Democratic presidential candidate Barack Obama and Republican rival John McCain said the resurrected financial bailout bill isn't perfect but warned Wednesday that the economic crisis will become a full-fledged disaster if Congress rejects it.
"This will not solve all our problems," Obama said in an evening speech on the Senate floor. "This is what we need to do right now, to prevent the possibility of a crisis turning into a catastrophe."
McCain was in Washington to cast his vote as well, but he did not intend to speak. Before the roll was called, the Arizona senator dined in Senate Republican leader Mitch McConnell's office. Inside the chamber, Obama initiated a handshake with McCain.
McCain's decision not to speak about the bill in the Senate chamber contrasted with Obama, who used the opportunity before his colleagues and the TV cameras to lay out his rationale for backing the measure and explain his economic vision.
McCain is usually is a ready Republican participant in trying to work out compromises on major pieces of stalled legislation.
But as a presidential candidate and while Congress negotiated the bill, McCain has struggled to strike the right balance between being involved in the crisis without appearing to exploit the situation for political purposes. McCain rushed back to Washington last week to help, saying he was not going to "phone in" his advice — and Democrats accused him of politicizing the crisis.
'Grind to a halt'
The Republican let his words speak for him earlier Wednesday at the Truman Library and Museum in Independence, Mo. "If we fail to act, the gears of our economy will grind to a halt," he said in a speech.
It's been rough going for the bailout package and it was hoped that rare appearances by Sens. Obama and McCain would help propel it to passage. The candidates in turn were seeking political advantage by addressing the top issue on voters' minds.

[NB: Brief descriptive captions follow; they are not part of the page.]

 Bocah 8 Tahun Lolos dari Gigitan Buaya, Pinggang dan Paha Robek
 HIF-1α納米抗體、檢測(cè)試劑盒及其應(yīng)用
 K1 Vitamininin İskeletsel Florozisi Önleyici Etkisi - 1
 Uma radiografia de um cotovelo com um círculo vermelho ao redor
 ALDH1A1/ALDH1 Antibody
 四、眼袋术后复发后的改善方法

In reality, the candidates have had little to do with drafting the bill's various versions. And their influence over their Senate counterparts was unclear; the Senate vote was not expected to be unanimous.

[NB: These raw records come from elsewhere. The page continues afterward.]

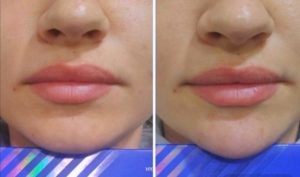 Осложнения после коррекции подбородка филлером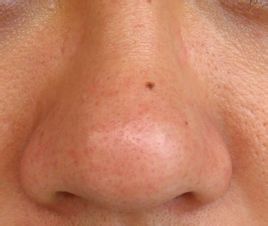 毛孔粗大有黑头怎么办学生,毛孔粗大有黑头怎么办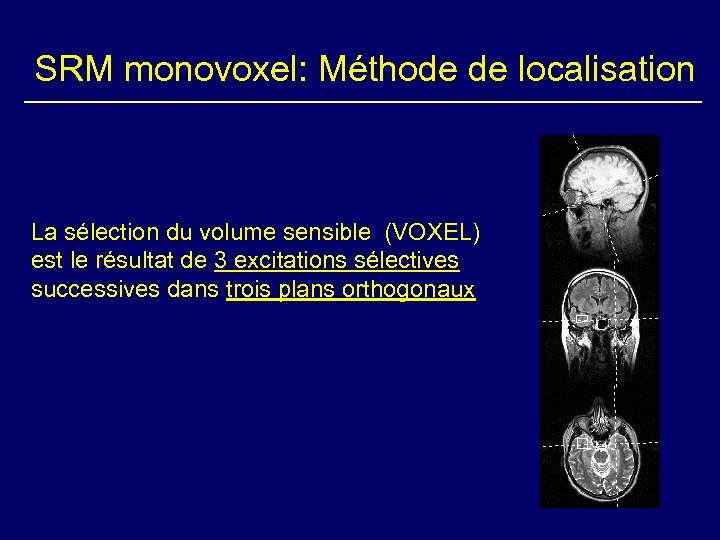 SRM monovoxel: Méthode de localisation La sélection du volume sensible (VOXEL) est le résultat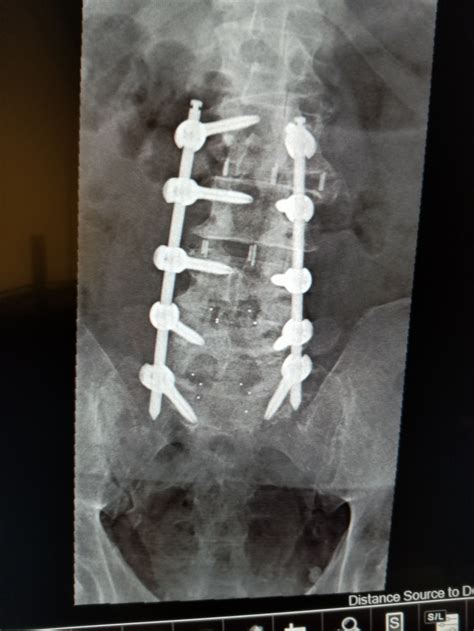 Now I Better Understand Why Spinal Fusion Recovery Is So Painful – Feathered Photography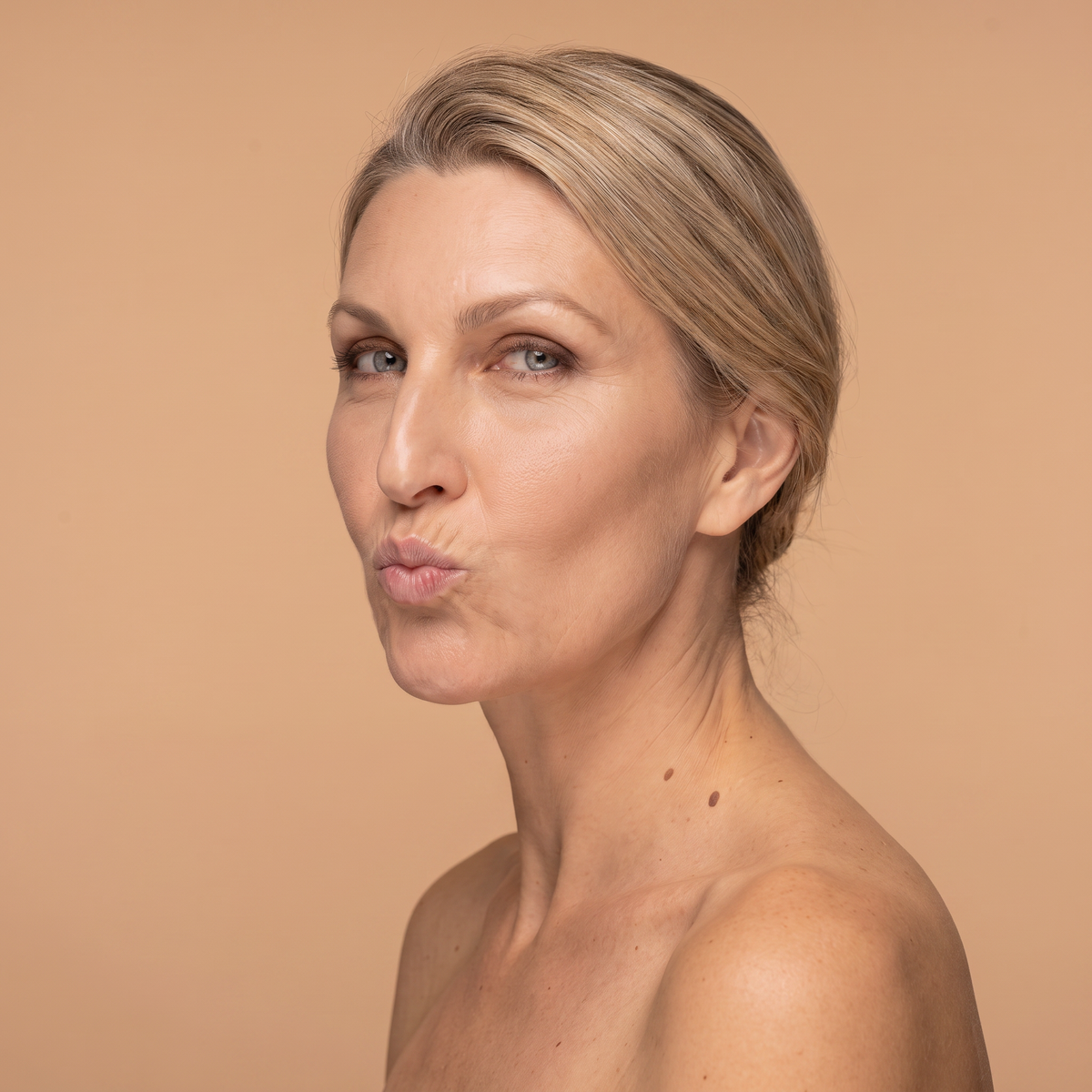 Arrugas código de barras en labio superior · Clínica Yolanda Albelda, Santiago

The House on Monday rejected an earlier version, sending the stock market into a 778-point dive.
Wednesday it was the Senate's turn. In rare agreement, leaders of both parties were presenting a rewrite with a variety of sweeteners for those lawmakers reluctant to vote 'yes' a little more than a month before Election Day.

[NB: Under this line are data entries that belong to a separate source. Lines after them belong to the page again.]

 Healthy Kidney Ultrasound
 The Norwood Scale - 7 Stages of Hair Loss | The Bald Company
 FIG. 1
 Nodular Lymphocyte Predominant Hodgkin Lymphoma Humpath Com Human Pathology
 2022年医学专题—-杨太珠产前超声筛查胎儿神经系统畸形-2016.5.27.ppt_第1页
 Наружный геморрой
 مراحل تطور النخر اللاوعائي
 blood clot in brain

Obama urged any lawmakers on the fence to "step up to the plate."
"Let's do what's right for the country at this time, because the time to act is now," he said.
Changes added to the bill
Lawmakers of both parties said Wednesday the changes made the bill more palatable. McCain, in Missouri, said he was pleased that the bill includes taxpayer protections, limitations on executive compensation and sufficient protections for people's bank accounts.
They include an increase in Federal Deposit Insurance Corp. protection for bank accounts from $100,000 to $250,000. Both McCain and Obama had endorsed the hike in deposit insurance.
In La Crosse, Wis., Obama vowed that his administration would "create new rules of the road to prevent another crisis" and said: "Financial institutions will do their part and pay their share, and American taxpayers will never again have to put their money on the line to pay for the greed and irresponsibility of Wall Street."
After McCain's campaign initially blamed Obama for contributing to the failure of the bill in the House, McCain himself avoided attacking, or even mentioning, Obama in his speech in Independence, Mo.
Instead, McCain stuck largely to promoting the broader points of his economic plan and promised that a McCain administration would "apply new rules to Wall Street, to end the frenzies of speculation by people gaming the system and to make sure that this present crisis is never repeated."